Genius, Icon, Master musician, Song writer ,Humanitarian, Fashion plate, Poboy expert, and if you ever had the pleasure of meeting him one of the nicest people you will ever come across he allways seem to remember you. Mr. Toussaint was a true American treasure, and a cornerstone of New Orleans music. There has definitively been a disturbance in the Funk. God Bless you AT you will never be forgoten

Freedom for the Stallion.

Words seem inadequate sometimes. A musical genius, a great humanitarian, a distinguished gentleman, the embodiment of all that is the very best of New Orleans and its irreplaceable culture and music.

A hometown hero who championed his beloved NOLA through her best and worst times, and blessed the rest of this nation, and the entire world, by bringing her sublime joys to anyone with the ears to listen and the heart to feel. And millions of ears and hearts did.

Thank you, Mr. Toussaint. We will miss you, but your music will be with us forever.

I'm truly devastated.
The universe seems incomplete.
Mr. Toussaint, your music has been my companion through the sweetest and saddest of times. Your beauty the wind that has kept me afloat. Deep within me, in my purest places born of your harmony, I can still hear your smile. That will never leave.
I simply don't have the words...other than eternal thanks.
You'll be reborn in my heart every day awake.
You were the best of us.
With Love...

Allen was a dear soul that touched the lives of many. My daughter and I especially. Today, we miss you as a family. May the four winds blow you safely home.

Dear Allen,

You made us dance, you made us smile with your mojo always flying high. I wore out hundreds of LP’s listening to your creations. You left a huge hole in my heart today on the news of your passing. What a ride we had. What a thrill to have me along for the ride. You filled the world with songs that we loved so much. You became the best at what you do. The music world celebrates your life and times today with joy and love for all the moments given us. It was great hanging out with you this year. And don’t fret, I will pass that song that you wrote for us on to Bob, Bill, and John.

Desitively Bonnaroo,
~Mickey Hart

From My Daughter Reya

I was 13 years old when I got my first Allen Toussaint record. I remember it was raining. It was December in San Francisco. I remember holding the black and white record sleeve under my jacket so it wouldn’t get wet and sitting anxiously in the backseat of my mothers car with it on my lap, staring at it for an hour before we got home.

When I finally put the needle on the record it was like everything just kind of fell into place. I was suddenly aware of a world I had never known existed before and it made me desperate to go to New Orleans. When I finally got there, it was like that record came to life and there was no going back.
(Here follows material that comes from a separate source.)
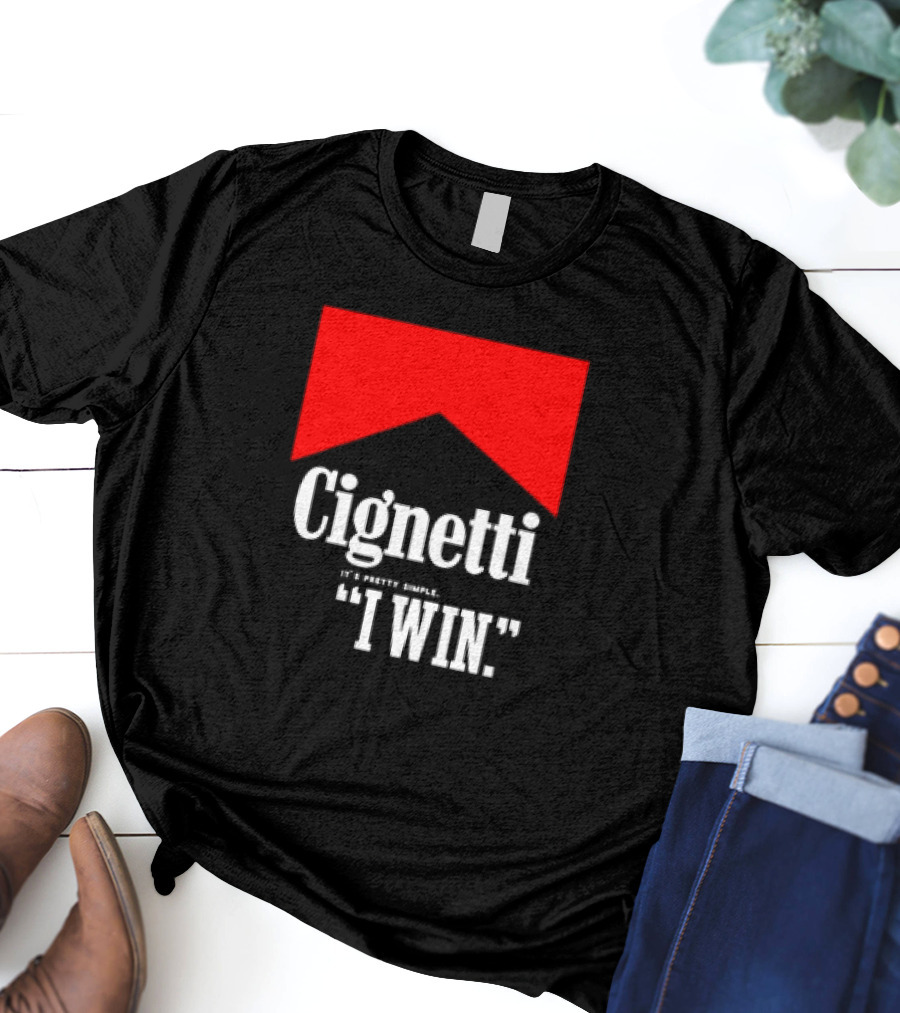 Cignetti It's Pretty Simple I Win Bold White Text With Red Chevron T-Shirt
When I met Allen Toussaint, I was shaking so badly I could barely get words to come out, but he was incredibly gentle and kind and we eventually got to talking about WWOZ and New Orleans in general. He told me he was glad I’d found New Orleans. He said I was doing good things. I can’t imagine what New Orleans feels like today, but I know whatever hurt I’m feeling must be felt 10-fold on the streets. I wish I could be there to see that second line. I wish I could be there to hear his music flooding the streets, the way I know that it will.

I guess all that’s left is to say thank you. Thank you, Mr. Toussaint, for changing the course of my life and so many others. Thank you for making music that inspires, for producing the funkiest records of all time, and for introducing me to my home.

~Reya Hart

I met Mr. Toussaint at the Fair Grounds, several years ago, where he was sponsoring an 'appreciation day' for the Children & Youth Services workers. I approached him with my hand outstretched saying, 'I've been a longtime fan and it's an honer and pleasure to meet you.' He clasped my hand with both of his, looked deeply into my eyes and with a gentle and sincere tone responded, 'Thank you so very much, that's so nice of you to say that.' I will always cherish that moment.